Brad is available for tutoring, consulting, weddings, parties etc. Email at bradluen_AT_stat.Berkeley.EDU.

Current academics:

Assessing earthquake forecasts

Work in progress with Philip Stark. Statistical tests of earthquake predictions require a null hypothesis to model occasional chance successes. To define and quantify "chance success" is knotty. Some null hypothses ascribe chance to the Earth: seismicity is modelled as random. The null distribution of the number of successful prediction - or any other test statistics - is taken to be its distribution when the fixed set of predictions is applied to random seismicity. Such tests tacitly assume that the predictions do not depend on the observed seismicity. Conditioning on the predictions in this way sets a low hurdle for statistical significance. Consider this scheme: when an earthquake of magnitude 5.5 or greater occurs anywhere in the world, predict that another earthquake at least as large will occur within 21 days and an epicentral distance of 50 km. We apply this rule to the Harvard centroid-moment-tensor (CMT) catalogue for 2000-2004 to generate a set of predictions. The null hypothesis is that earthquake times are exchangeable on their magnitudes and locations and on the predictions. We generate random seismicity by permuting the times of events in the CMT catalogue. We consider an event successfully predicted only if (i) it falls in a prediction and (ii) there is no larger event within 50 km in the previous 21 days. The p-value for the observed success rate is less than 0.001: the method successfully predicts about 5% of earthquakes, far better than "chance", because the predictor exploits the clustering of earthquakes - occasional foreshocks - which the null hypothesis lacks. Rather than condition on the predictions and use a stochastic model for seismicity, it is preferable to treat the observed seismicity as fixed, and to compare the success rate of the predictions to the success rate of simple-minded predictions like those just described. If the proffered prediction do no better than a simple scheme, they have little value.

Past academics:

Luen, B., Ramanan, K. and Ziedins, I. (2006). Nonmonotonicity of phase transitions in a loss network with controls. Ann. Appl. Probab. 16 1528-1562.

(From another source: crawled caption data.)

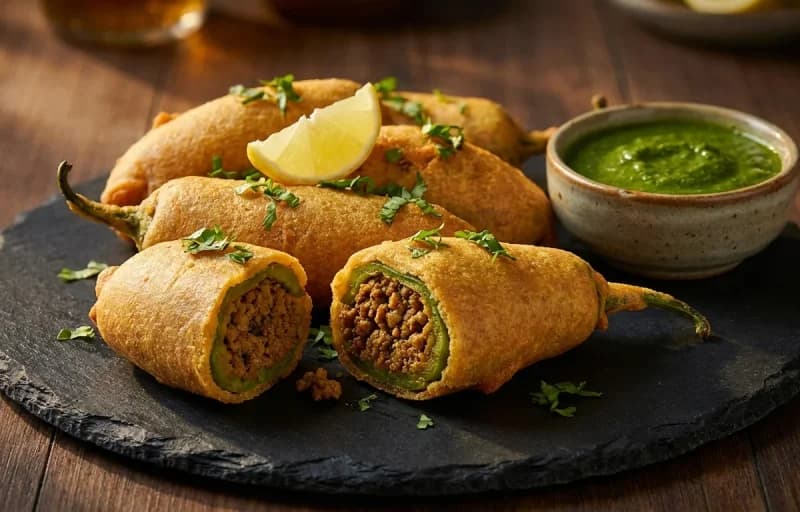 Keema Mirchi Vada with Tamarind Chutney - Recipe 1
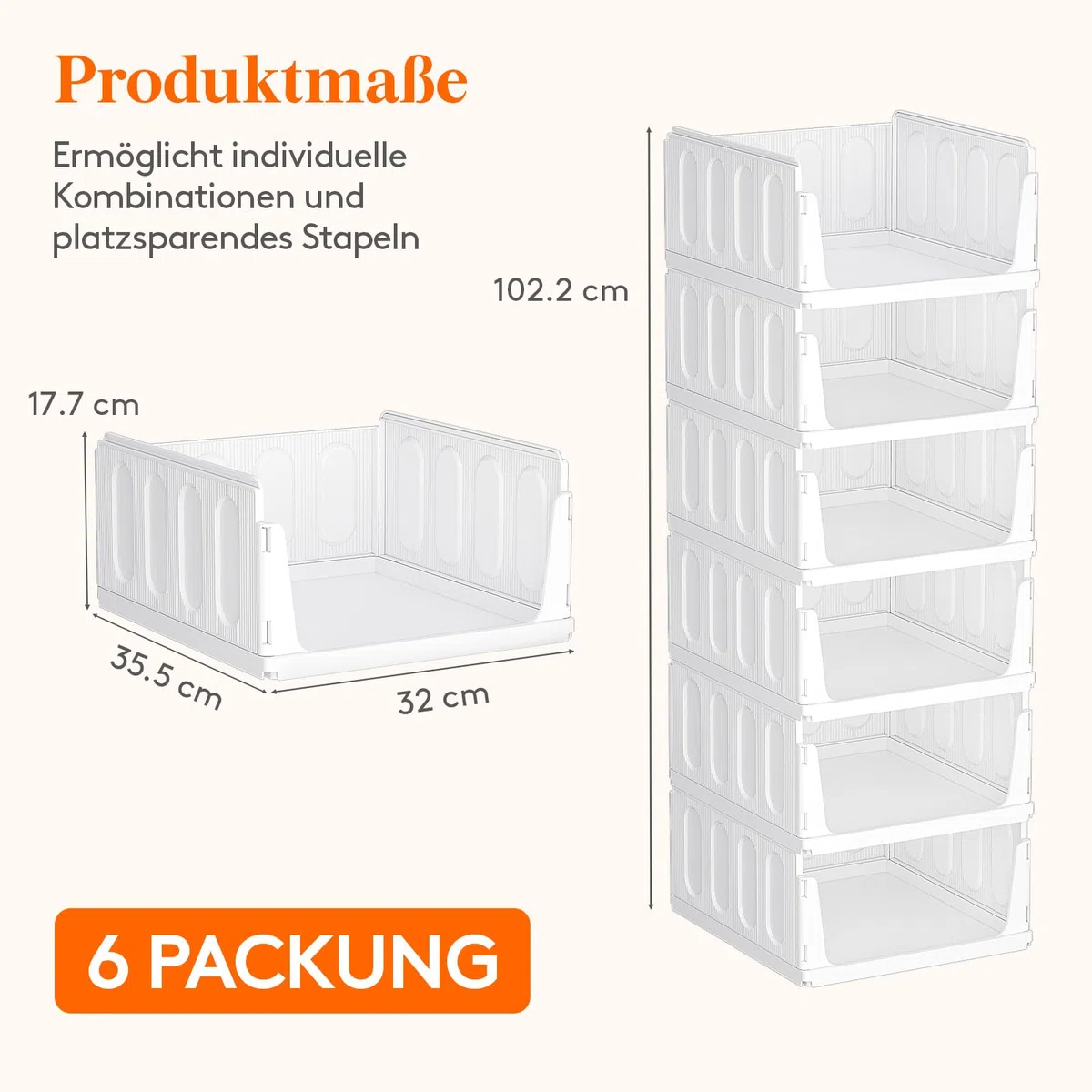 Lifewit 6 Pack Stapelbar Kleiderschrank Wardrobe Organizer für Kleidung, Kunststoff Ausziehbar Ordnungssystem Schrank für T-shirt, Innen Aufbewahrungsbox für Küche, Wohnmobil, Camping, 35.5 cm Dept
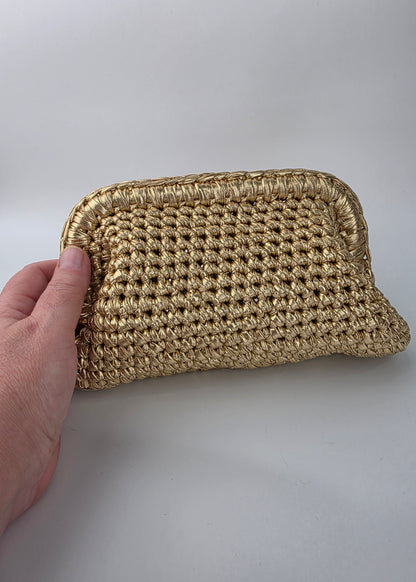 Golden Clutch Handmade Crochet Handbag - Ready to Ship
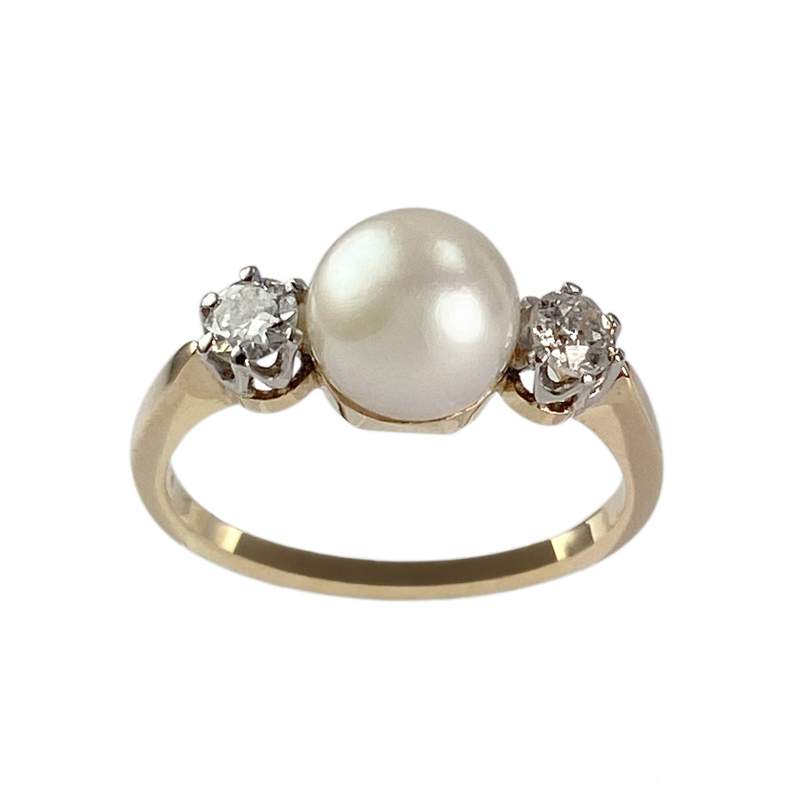 Bague d'occasion or 750 jaune perle de culture diamant - vue 1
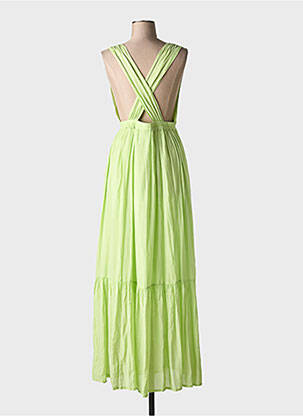 Robe longue coupe cintrée fines bretelles vert SCOTCH & SODA femme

We consider a symmetric tress loss network that supports single-link (unicast) and multi-link (multicast) calls to nearest neighbours and has capacity C on each link. The network operates a control so that the number of multicast calls at a link cannot exceed C_V and the number of unicast calls at a link cannot exceed C_E, where C_E, C_V are less than C. We show that uniqueness of Gibbs measures on the infinite tree is equivalent to the convergence of certain recursions of a related map. For the case C_V = 1 and C_E = C, we precisely characterise the phase transition surface and show that the phase transition is always nonmonotone in the arrival rate of the multicast calls. This model is an example of a system with hard constraints that has weights attached to both the edges and nodes of the network and can be viewed as a generalisation of the hard core model that arises in statistical mechanics and combinatorics. Some of the results obtained also hold for more general models that just the loss network. The proofs rely on a combination of techniques from probability theory and dynamical systems.

The place of investigations in a model of statistical literacy

Perennially in preparation. I am examining Iddo Gal's model of statistical literacy as a base of knowledge and dispositions that would ideally be held by all adults. Within this context, I've examined the place of statistical investigations, and have tried to restructure the model in a way that's more consistent with the an average person's potential uses for statistical concepts. The argument is that statistical literacy, and thus school-level statistics in general, is best structured around the enquiry, because such an approach would best-equip the statistically literate to use their methods of thinking to approach less formal problems in less formal ways that a professional statistician is used to. This work grew out of discussions with Maxine Pfannkuch and Chris Wild at the University of Auckland.